Rossini’s overture to The Italian Girl in Algiers is a cinematic work because it evokes all the emotions of a light adventure story. You don’t have to know the details of the story; cinematic music strips it down to its emotional effects. You know Rossini’s music conveys a narrative that is exciting and basically good-natured, like The Adventures of Robin Hood, and that’s all you have to know.
Rossini understood the purpose of the light adventure story and stayed within its emotional range. Brossé conducted with good tempos, a light touch, and the general approach of someone who’s just as understanding as the composer.
As its title implies, Rami Khalifé’s Stories for Piano and Orchestra is supposed to produce that same storytelling quality. The stories it tells are more serious than Rossini’s, but it’s too hyped up.
A monotonous slog
Khalifé amplified the piano even though the concerto was being presented in the Perelman Theater, a medium-sized hall in which pianos routinely fill the space without any electronic help. Volume replaced true drama, in the same way contemporary movie theaters pump up the sound system in the hope the audience will feel something important is happening.

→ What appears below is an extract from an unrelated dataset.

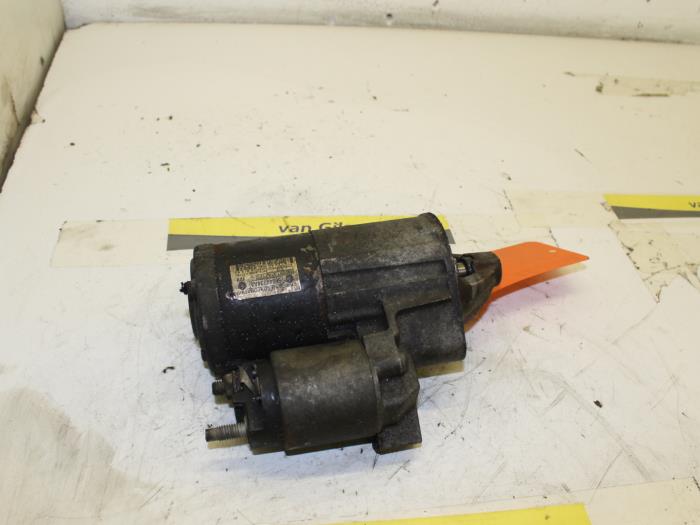 Begagnade Startmotor Jeep Grand Cherokee (WH/WK) 3.7i 4x2 Pris € 65,00 Marginaltabell erbjuds av Van Gils Automotive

Some of the quieter moments were effective but a good editor would have told the author he should cut most of these stories by 20 or 30 percent. The unaccompanied piano solos were too long by an even bigger factor and too repetitious. A pianist can create an intensely emotional effect the first two or three times he slams a hammer strike into the keys. After that, the strikes become monotonous.
The other two items on the program were examples of pure music, with no attempt at a story line. Gounod’s First Symphony combines the classical forms of the Mozart-Haydn period with the color and emotional expressiveness favored in the middle years of the 19th century. As Dirk Brossé said in his opening remarks, the form is classical but the language is romantic.
A too-brief journey
Raphael Fusco’s Alternate Routes started life as a saxophone concerto. It was so successful Fusco has developed several other arrangements. Dirk Brossé asked him to arrange it for the Chamber Orchestra and that version received its premiere at this concert.
Fusco has spread the saxophone solo among all the sections of the orchestra, turning the piece into a “concerto for orchestra,” an orchestral work in which the different sections take turns playing solos. Bartok’s 1943 Concerto for Orchestra is a staple of the orchestral repertoire and most composers who have come along since then have contributed to the form.
A saxophone solo offers a composer a fruitful basis for a melodious piece that’s supposed to show off every section of the orchestra. Fusco’s score develops the possibilities with all the color and variety a good orchestra can add to a good idea. The violin solo played by the Chamber Orchestra’s new concert master, Stephen Tavani, created one of the afternoon’s high points.
In addition to his purely musical virtues, Fusco has obviously absorbed one of the great lessons speakers and writers hear throughout their careers: always leave your audience wanting more. The concerto’s three movements all ended a little too soon. As everything should.